(Short text fragments from websites)
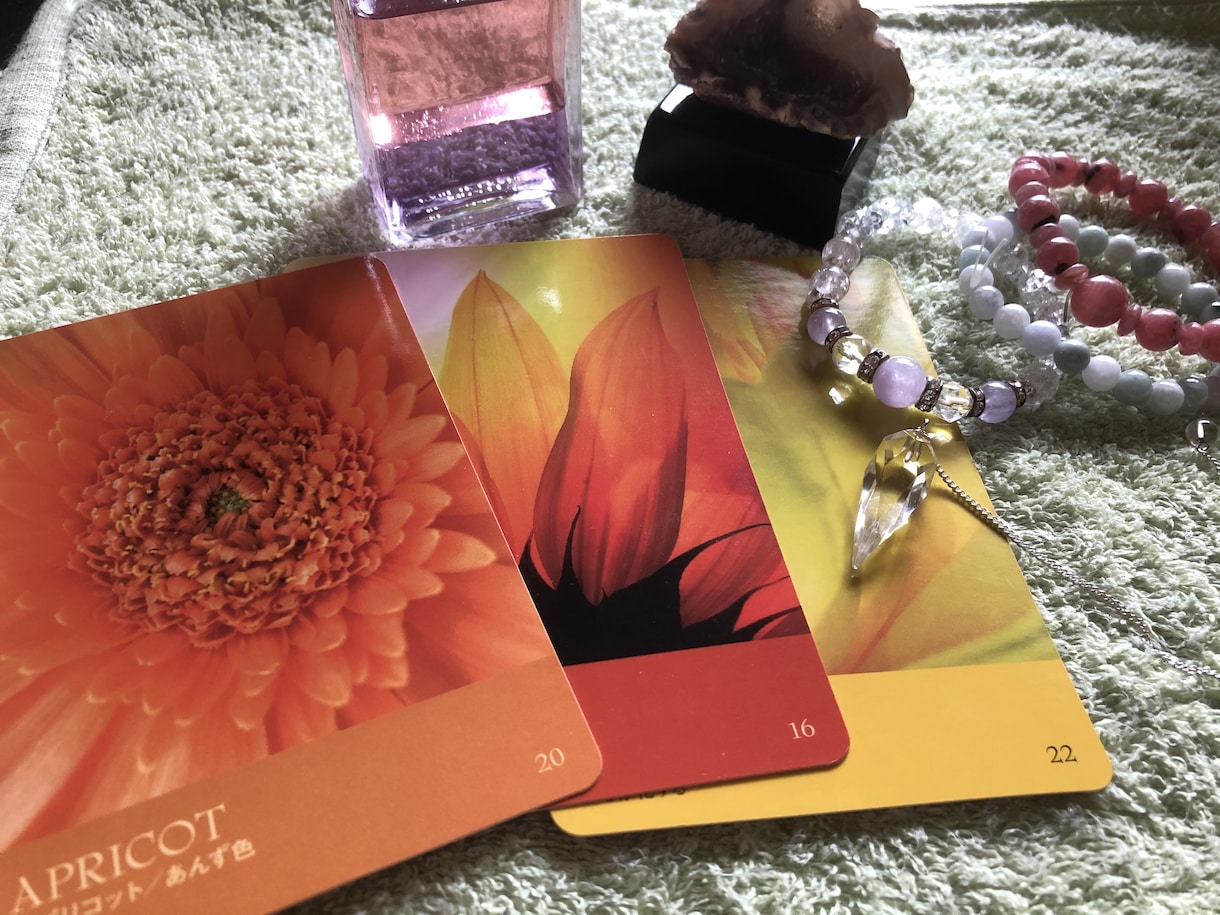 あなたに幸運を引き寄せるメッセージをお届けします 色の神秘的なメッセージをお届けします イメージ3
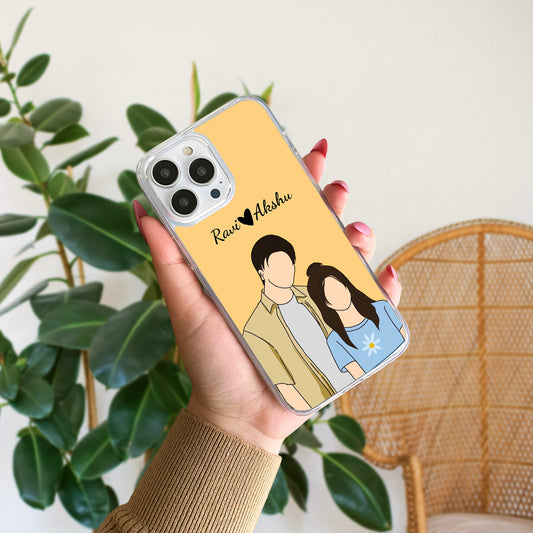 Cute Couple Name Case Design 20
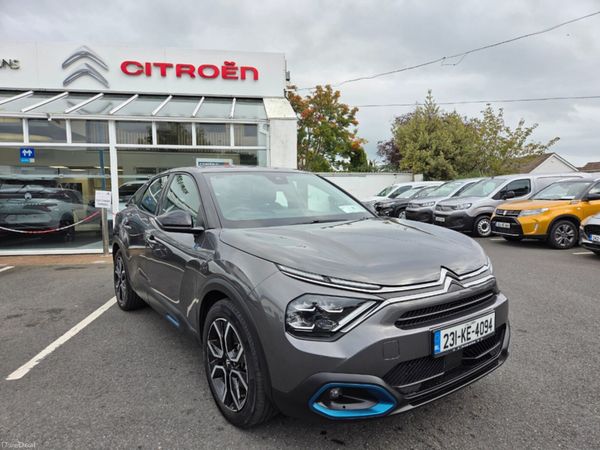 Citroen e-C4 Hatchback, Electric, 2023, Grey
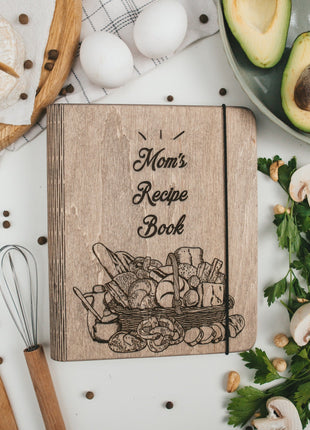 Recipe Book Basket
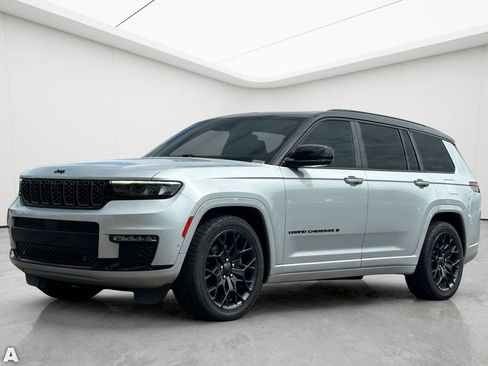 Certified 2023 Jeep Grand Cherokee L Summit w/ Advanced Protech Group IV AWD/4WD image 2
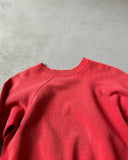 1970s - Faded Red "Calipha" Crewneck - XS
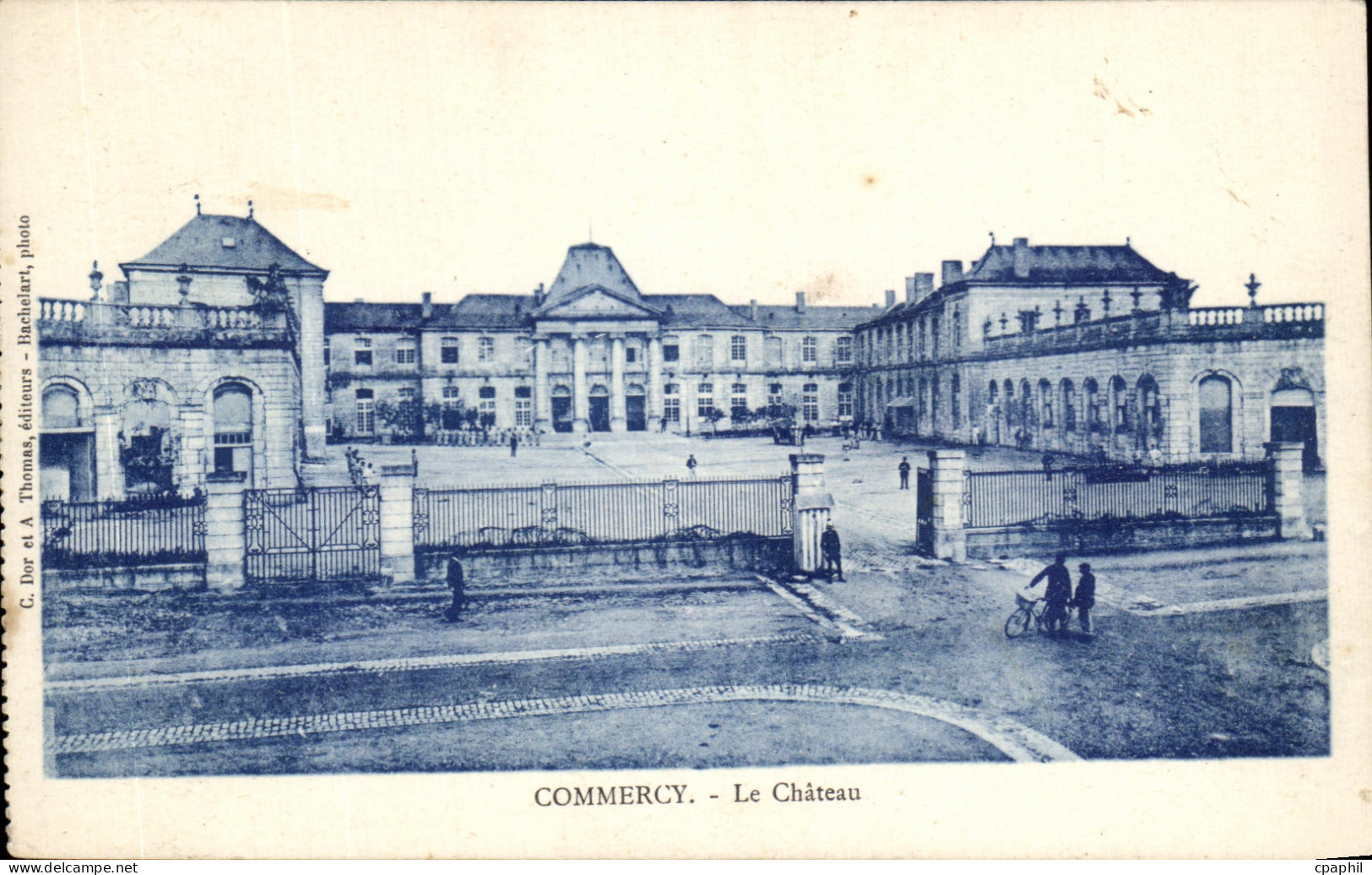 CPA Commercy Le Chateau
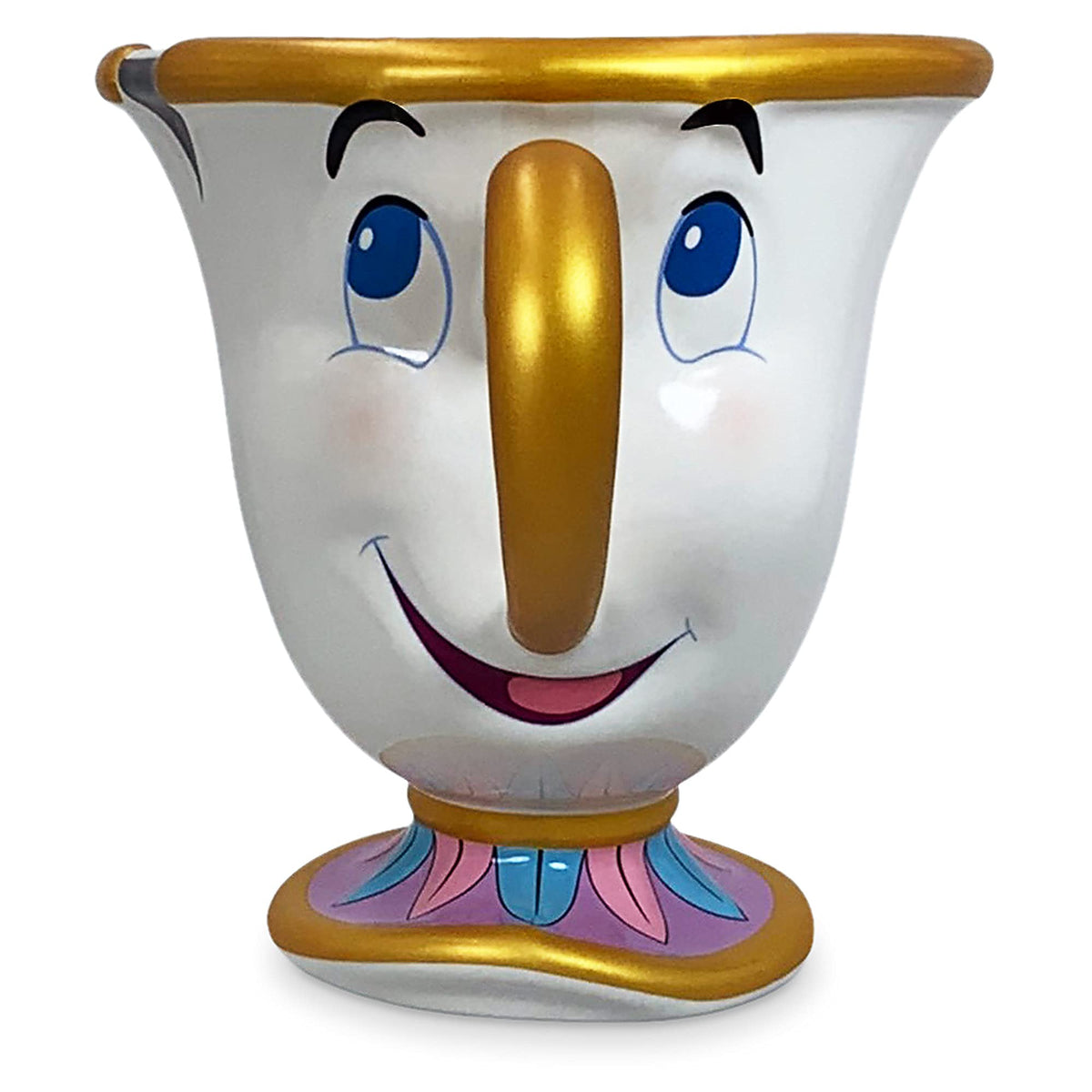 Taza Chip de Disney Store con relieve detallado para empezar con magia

Problem
Begin at the line containing "CPA Commercy Le Chateau" and extract every line through the end of the records, inclusive, exactly and only; omit pictures.

Task output
 CPA Commercy Le Chateau
 Taza Chip de Disney Store con relieve detallado para empezar con magia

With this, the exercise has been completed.